Record excerpts |
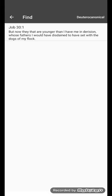Job 30:1, but now they that are younger than I have me in derision. I want to see that word derision. Okay Google, define derision.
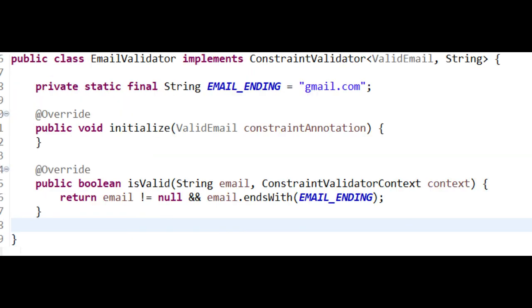Next, we'll implement the validator class EmailValidator to check the validity of email addresses. The EmailValidator class implements the ConstraintValidator interface to provide custom validation logic for email addresses. It checks if the provided email string matches a specific pattern representing a valid email format.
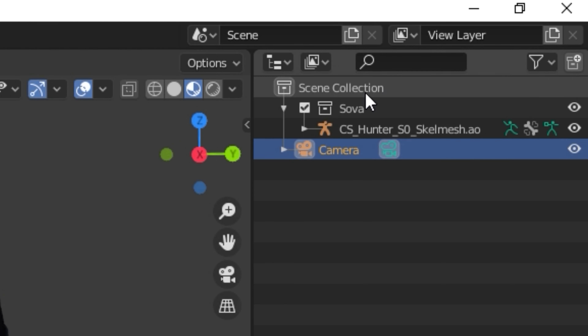In Render settings, set samples to 250 and leave noise threshold at 32 — this bumps up quality. If you have a good GPU, switch from CPU to GPU Compute; if you have a strong CPU, keep it on CPU. Scroll down and enable the Denoising checkbox to reduce noise and improve render quality. Go to Output tab, scroll down, and set Compression to zero for best quality. You can turn off Ambient Occlusion as it can make things overly bright.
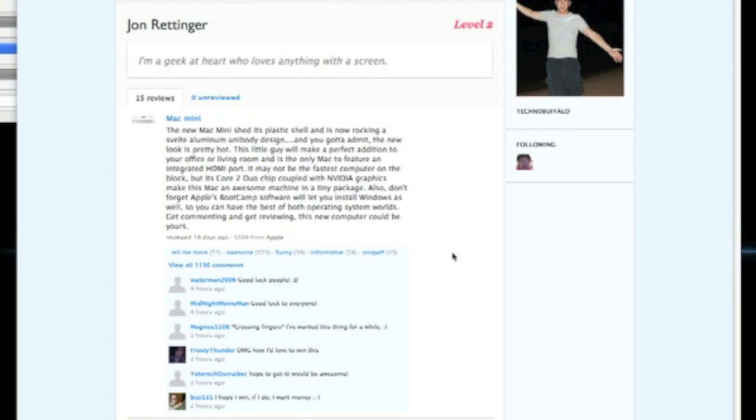What's up everyone? John Rettinger from TechnoBuffalo here. I just want to remind you that my Mac Mini or $700 cash giveaway is ending tonight, January 2nd at 11:59pm Pacific Standard Time.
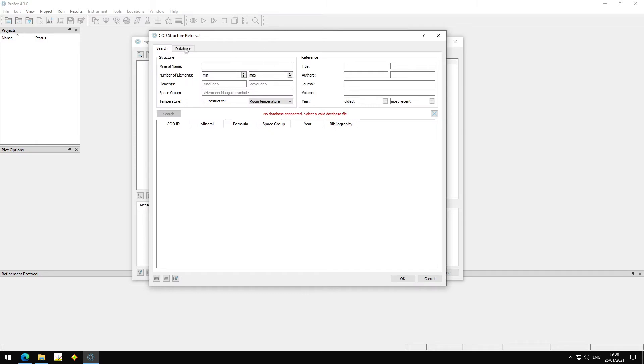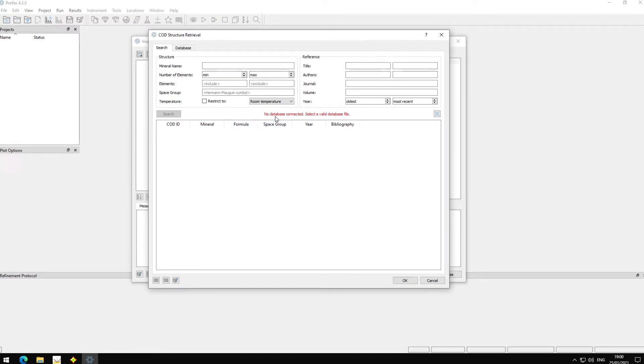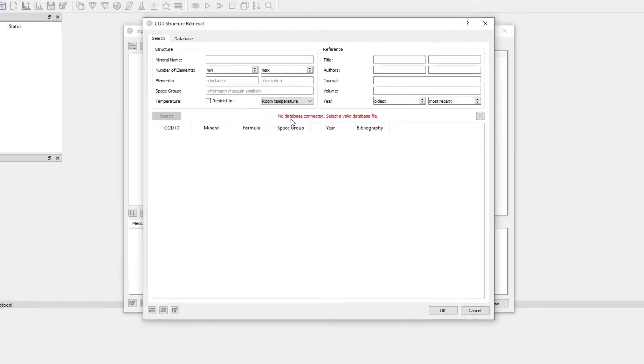This opens a new dialog, the COD Structure Retrieval. And when we open it for the first time, it says no database connected, select a valid database file.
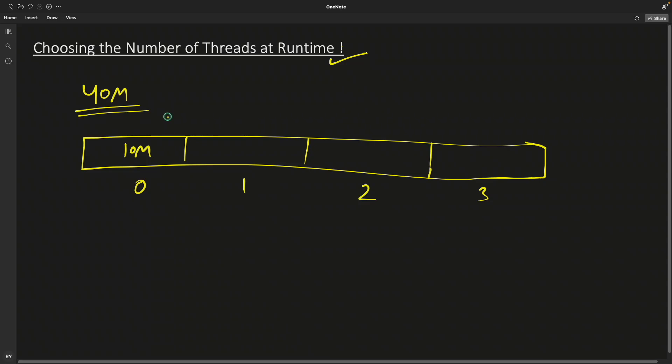So for simplicity, I'll just keep it maybe 4 million. So the idea is let's divide this 4 million into smaller sections and process them separately and then process them as a whole. Now the question comes, okay, how many threads?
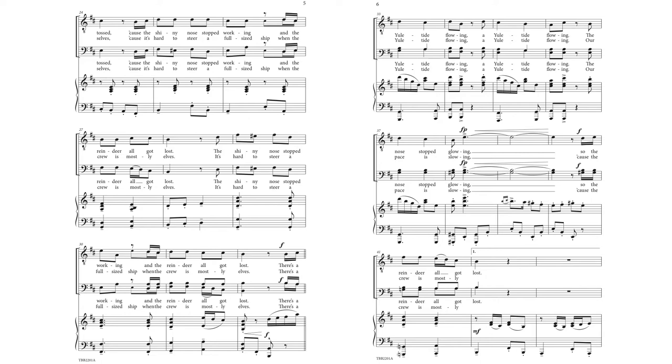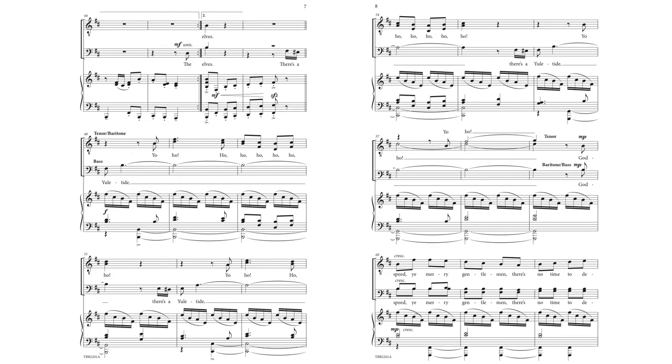There's a yuletide flowing, a yuletide flowing. Our pace is slowing, cause the crew is mostly elves. There's a yuletide. Yuletide.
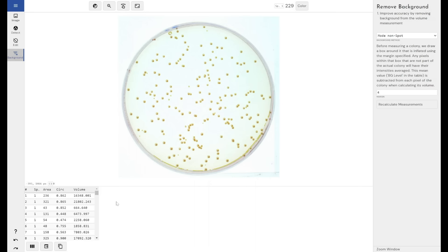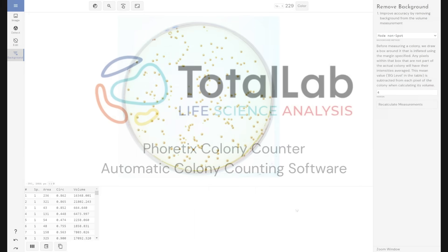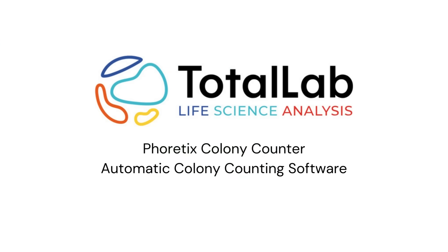So that's the Phoretix Colony Counter, the new image analysis software from TotalLab. As ever thanks for watching and if you'd like to try a free copy of our colony counter software within your lab on your own images please follow the links in the description below.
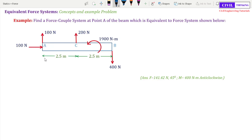We have to convert all these forces to one force at A and one single moment at A. To do that, we will move all these forces to point A to find the net force, and also move the moment to point A to find the force-couple equivalent system. Now, when we move a force, we also have to add its moment — when we move this force from point C to point A, we must also add a corresponding moment at A.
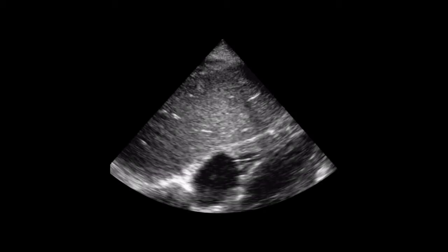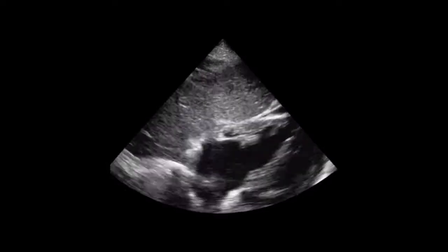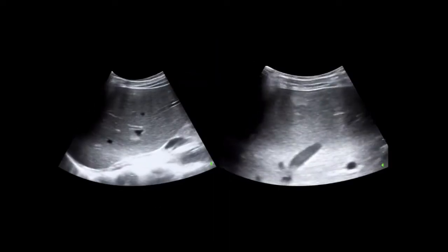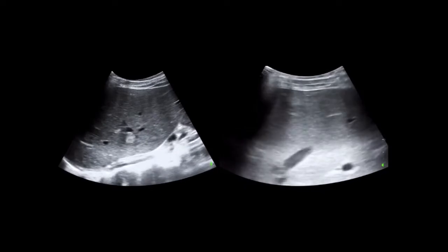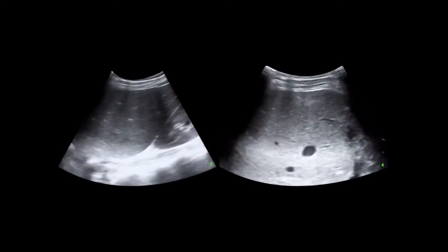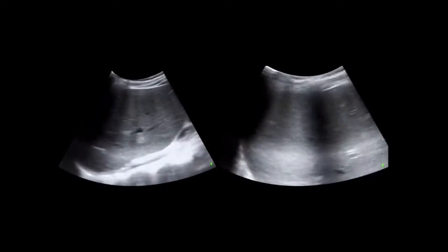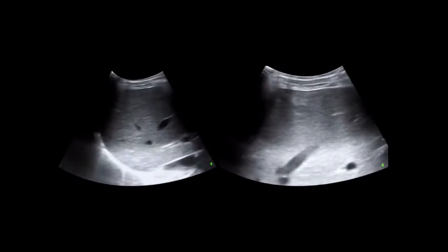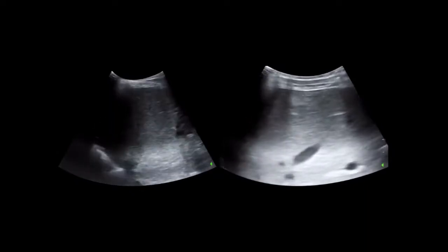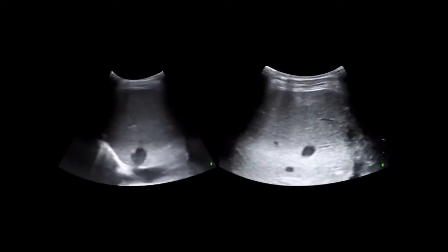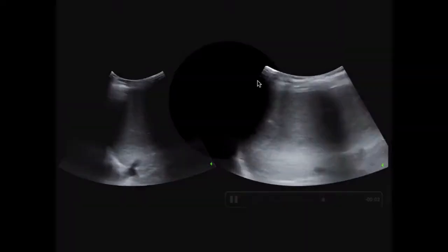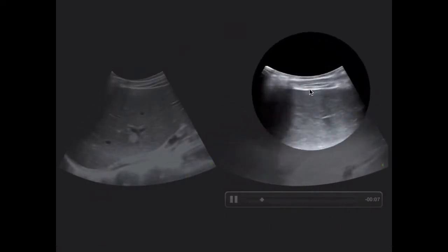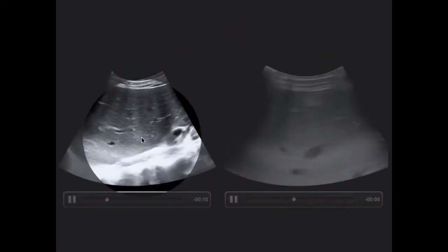That patient I just showed had this big booger on the tricuspid valve. I've actually found septic emboli in the liver and the spleen as well. Can you see the little white spots inside the liver in these images? These were septic emboli to the liver found on ultrasound — one up here, this big one right here, another one right there.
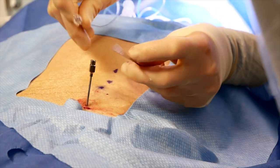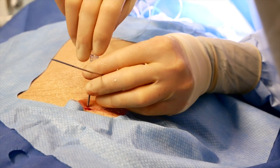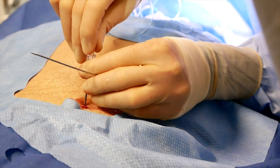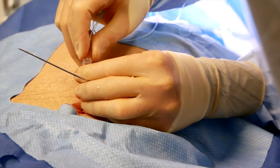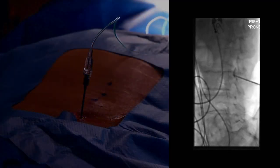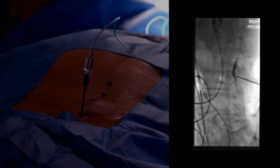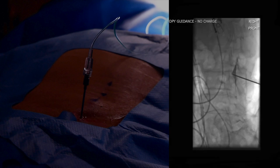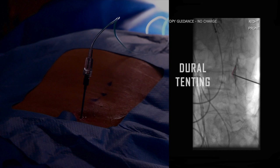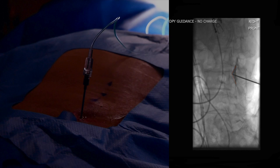Injection of contrast can also be helpful to identify the proper needle location. In this live film, the contrast is observed to spread into the epidural space, suggesting that proper intrathecal access has not been obtained. Tenting of the dura is also prominently displayed here, and in our experience is often seen in the prone position.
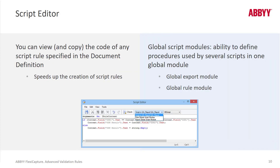We have a script editor that allows you to check your scripts. We've got a global script module to define procedures used by several scripts, as well as a global export module. In this dialog, you can select any of six different languages.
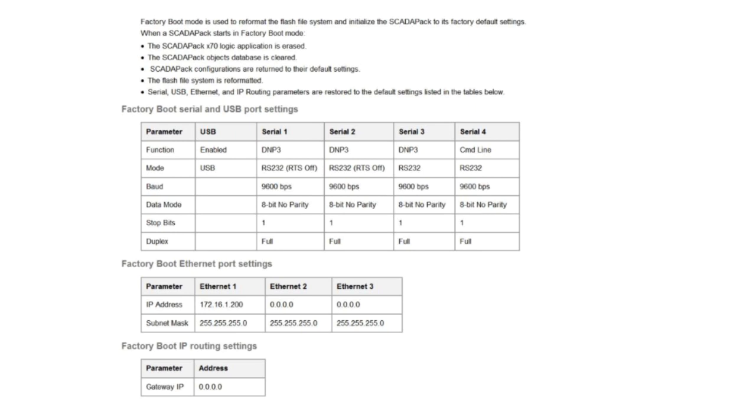The ScadaPack objects database is cleared. The ScadaPack configurations are returned to their default settings. The Flash file system is reformatted. Serial, USB, Ethernet and IP routing parameters are restored to the default settings listed.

Task to complete | In the listing above, find the line containing "So for simplicity, I'll" and the line containing "There's a yuletide flowing, a", then output those two lines and everything between them exactly as written, without the images.

Solution to the exercise |
So for simplicity, I'll just keep it maybe 4 million. So the idea is let's divide this 4 million into smaller sections and process them separately and then process them as a whole. Now the question comes, okay, how many threads?
There's a yuletide flowing, a yuletide flowing. Our pace is slowing, cause the crew is mostly elves. There's a yuletide. Yuletide.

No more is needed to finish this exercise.